What you are asked to do >>
Only one stretch of the listing below is wanted. Give it again exactly, from the line with "view of front" through the line with "Extinction Rebellion activists".

Data shown >>
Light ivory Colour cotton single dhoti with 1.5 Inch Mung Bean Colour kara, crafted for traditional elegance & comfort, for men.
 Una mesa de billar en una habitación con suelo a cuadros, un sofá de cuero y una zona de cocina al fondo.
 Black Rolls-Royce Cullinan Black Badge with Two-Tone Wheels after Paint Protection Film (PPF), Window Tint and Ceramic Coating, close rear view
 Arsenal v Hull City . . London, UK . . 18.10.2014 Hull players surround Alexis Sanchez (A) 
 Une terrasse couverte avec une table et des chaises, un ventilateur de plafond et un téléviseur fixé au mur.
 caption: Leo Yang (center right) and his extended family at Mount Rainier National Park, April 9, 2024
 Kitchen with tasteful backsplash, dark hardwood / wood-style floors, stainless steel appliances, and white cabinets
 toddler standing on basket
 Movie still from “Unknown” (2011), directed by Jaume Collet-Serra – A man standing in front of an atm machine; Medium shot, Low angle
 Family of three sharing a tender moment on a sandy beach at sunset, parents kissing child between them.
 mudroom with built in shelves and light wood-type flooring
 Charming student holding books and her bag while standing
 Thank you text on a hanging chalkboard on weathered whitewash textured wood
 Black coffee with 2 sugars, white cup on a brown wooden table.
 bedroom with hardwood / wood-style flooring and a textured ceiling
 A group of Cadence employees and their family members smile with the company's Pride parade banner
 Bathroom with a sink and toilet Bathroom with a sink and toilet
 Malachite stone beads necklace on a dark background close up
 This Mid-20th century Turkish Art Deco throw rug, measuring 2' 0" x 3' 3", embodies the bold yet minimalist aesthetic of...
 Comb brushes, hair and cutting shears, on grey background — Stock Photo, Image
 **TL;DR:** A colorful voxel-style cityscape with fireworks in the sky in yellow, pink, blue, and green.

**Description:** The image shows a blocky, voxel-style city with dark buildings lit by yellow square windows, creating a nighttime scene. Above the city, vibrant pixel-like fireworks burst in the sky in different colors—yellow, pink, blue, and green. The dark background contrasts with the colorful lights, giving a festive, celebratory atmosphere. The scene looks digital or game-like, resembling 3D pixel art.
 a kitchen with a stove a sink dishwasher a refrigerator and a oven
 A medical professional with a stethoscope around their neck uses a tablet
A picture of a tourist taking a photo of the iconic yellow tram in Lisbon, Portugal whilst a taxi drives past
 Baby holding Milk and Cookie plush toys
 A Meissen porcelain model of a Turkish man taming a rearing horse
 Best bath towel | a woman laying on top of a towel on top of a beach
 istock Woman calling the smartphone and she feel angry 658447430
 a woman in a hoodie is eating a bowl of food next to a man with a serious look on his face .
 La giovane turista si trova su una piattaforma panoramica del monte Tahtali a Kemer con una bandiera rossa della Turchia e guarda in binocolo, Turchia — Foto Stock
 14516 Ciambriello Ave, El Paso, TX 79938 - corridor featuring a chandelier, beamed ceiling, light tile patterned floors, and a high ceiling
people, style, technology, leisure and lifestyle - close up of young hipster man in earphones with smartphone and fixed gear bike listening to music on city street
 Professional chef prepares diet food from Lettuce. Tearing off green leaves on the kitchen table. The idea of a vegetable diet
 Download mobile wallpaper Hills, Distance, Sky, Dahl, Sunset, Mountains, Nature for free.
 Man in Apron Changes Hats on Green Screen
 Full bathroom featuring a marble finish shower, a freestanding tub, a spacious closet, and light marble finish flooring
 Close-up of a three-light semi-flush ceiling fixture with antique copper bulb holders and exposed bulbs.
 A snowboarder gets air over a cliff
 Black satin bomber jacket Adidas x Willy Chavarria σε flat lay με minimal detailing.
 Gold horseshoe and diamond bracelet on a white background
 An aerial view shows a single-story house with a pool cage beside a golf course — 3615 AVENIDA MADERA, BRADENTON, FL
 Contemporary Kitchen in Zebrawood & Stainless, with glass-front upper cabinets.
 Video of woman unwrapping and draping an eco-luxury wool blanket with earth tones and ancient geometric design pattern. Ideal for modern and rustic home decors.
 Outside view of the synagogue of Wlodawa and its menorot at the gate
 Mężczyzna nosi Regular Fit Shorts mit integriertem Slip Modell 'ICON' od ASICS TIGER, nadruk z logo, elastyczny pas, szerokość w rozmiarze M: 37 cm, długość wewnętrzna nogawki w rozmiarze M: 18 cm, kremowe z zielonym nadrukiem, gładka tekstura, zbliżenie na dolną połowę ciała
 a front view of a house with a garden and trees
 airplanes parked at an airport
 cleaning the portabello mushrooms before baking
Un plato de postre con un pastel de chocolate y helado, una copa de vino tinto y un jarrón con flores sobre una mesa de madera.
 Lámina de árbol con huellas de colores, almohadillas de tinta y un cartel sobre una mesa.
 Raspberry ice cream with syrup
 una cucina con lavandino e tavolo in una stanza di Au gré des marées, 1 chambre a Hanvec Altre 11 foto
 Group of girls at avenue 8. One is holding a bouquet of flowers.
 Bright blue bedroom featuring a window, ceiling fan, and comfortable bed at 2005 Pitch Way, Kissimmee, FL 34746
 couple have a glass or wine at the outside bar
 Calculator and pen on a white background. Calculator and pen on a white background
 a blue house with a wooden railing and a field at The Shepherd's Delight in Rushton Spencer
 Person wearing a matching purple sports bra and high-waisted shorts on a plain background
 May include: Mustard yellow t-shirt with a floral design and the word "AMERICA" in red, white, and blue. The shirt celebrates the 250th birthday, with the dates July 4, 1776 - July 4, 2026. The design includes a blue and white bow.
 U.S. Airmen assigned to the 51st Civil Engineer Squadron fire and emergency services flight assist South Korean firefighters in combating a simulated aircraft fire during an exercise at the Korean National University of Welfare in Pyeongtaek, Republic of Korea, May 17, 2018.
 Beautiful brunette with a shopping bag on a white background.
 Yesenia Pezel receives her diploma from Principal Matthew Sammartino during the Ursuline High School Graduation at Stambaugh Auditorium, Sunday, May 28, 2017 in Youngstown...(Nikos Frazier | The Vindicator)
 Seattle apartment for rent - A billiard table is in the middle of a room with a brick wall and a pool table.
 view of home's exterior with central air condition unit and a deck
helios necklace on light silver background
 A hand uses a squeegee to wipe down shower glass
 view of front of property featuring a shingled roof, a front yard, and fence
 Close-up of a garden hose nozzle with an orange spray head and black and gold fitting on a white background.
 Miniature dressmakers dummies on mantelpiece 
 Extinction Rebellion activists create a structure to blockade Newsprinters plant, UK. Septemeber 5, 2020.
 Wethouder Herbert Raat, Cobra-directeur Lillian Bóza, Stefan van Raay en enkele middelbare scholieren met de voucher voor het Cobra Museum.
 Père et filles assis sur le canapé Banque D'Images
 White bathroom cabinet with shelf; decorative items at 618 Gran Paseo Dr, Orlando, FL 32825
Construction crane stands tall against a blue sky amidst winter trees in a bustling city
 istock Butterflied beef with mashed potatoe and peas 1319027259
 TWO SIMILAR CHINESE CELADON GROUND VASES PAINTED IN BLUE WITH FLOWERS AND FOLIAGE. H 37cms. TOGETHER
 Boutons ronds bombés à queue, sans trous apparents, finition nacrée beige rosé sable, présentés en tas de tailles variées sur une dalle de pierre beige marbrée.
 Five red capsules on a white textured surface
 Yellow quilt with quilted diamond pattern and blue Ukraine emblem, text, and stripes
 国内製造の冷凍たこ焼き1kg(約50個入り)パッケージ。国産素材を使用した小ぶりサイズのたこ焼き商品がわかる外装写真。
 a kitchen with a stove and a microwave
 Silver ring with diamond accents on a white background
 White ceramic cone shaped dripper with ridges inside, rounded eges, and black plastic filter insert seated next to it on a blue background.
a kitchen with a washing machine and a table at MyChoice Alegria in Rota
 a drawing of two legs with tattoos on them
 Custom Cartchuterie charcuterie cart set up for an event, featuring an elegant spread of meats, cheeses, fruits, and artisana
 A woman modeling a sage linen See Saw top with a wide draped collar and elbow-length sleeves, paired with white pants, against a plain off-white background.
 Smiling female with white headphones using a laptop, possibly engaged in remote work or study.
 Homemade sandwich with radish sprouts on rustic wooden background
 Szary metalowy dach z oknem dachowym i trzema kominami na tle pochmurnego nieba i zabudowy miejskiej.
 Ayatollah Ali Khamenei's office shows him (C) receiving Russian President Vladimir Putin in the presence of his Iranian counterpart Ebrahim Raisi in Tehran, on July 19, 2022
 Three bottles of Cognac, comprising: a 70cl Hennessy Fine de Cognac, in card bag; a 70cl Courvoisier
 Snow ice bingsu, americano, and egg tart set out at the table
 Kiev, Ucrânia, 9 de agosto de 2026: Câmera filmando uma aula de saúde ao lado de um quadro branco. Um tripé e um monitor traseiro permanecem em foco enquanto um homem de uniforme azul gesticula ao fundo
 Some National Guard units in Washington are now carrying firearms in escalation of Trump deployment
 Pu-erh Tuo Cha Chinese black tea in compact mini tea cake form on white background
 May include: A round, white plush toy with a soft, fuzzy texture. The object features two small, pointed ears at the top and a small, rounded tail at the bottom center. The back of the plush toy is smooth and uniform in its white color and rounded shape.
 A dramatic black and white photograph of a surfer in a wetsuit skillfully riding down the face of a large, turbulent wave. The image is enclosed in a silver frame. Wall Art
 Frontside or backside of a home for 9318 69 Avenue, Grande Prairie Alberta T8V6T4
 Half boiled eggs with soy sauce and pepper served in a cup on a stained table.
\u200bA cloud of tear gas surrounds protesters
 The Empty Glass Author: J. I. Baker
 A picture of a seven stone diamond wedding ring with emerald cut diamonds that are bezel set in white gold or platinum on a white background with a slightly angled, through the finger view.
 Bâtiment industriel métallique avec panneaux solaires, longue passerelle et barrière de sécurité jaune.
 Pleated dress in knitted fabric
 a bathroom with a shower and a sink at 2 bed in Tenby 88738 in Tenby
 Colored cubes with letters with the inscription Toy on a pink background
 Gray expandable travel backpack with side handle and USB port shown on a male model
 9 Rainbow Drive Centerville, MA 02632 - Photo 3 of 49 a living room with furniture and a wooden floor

Your solution >>
 view of front of property featuring a shingled roof, a front yard, and fence
 Close-up of a garden hose nozzle with an orange spray head and black and gold fitting on a white background.
 Miniature dressmakers dummies on mantelpiece 
 Extinction Rebellion activists create a structure to blockade Newsprinters plant, UK. Septemeber 5, 2020.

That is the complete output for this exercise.